云主机-DataPull-PROSAGA-码农传奇

DataPull

This bundle provides intelligent data replication between two HPCC Systems
clusters. Only changes between the two clusters are replicated, including both
regular files and superfile structures.

Requirements

The code included in this bundle is written entirely in ECL. No extra plugins
or third party tools are required, though functions from the Std library
(included with the platform) are used. HPCC 6.0.0 or later is required.

License and Version

This software is licensed under the Apache v2 license. A link to the license,
as well as the current version of this software, can be found in the
Bundle.ecl
file.

Installation

To install a bundle to your development machine, use the ecl command line tool:

ecl bundle install https://github.com/dcamper/DataPull.git

For complete details, see the Client Tools Manual, available in the download
section of https://hpccsystems.com.

Note that is possible to use this code without installing it as a bundle. To do
so, simply make it available within your IDE and just ignore the Bundle.ecl
file.
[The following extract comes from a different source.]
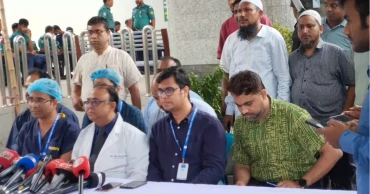 মাইলস্টোন ট্র্যাজেডি: হাসপাতাল থেকে বাসায় ফিরলেন শিক্ষিকা ফারজানা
With the Windows IDE, the DataPull directory must not be a top-level item
in your repository list; it needs to be installed one level below the top level,
such as within your “My Files” folder. If you use this technique then your ECL
IMPORT statement will change slightly as well: instead of
IMPORT DataPull; you will have to use IMPORT DataPull.DataPull;.

Release Notes

Click to expand

|Version|Notes|
|:——:|:——-|
|1.0.0|Initial public release|
|1.0.1|Change SEQUENTIAL calls to ORDERED for performance (avoids subgraph duplication)|
|1.1.0|Add disableContentCheck option|
|1.2.0|Add enableNoSplit option|
|1.2.1|Avoid copying subfiles that already exist on the destination but are not yet attached to their superfiles|
|1.2.2|Add asOfDate support|

Overview

This is strictly a “pull” copy scheme where the intention is to make the
local system (whatever is running this code) “mirror” the remote system,
strictly for those files that match one or more of the given filename
patterns. Care should be taken when specifying filename patterns, especially
those with prefix and suffix wildcards (e.g. *fubar*). Any local file or
superfile that matches a pattern is subject to modification or deletion,
depending on whether that file exists on the remote system or not. It is
easy to lose local files that way, by inadvertently referencing them with
a filename pattern intended for something else.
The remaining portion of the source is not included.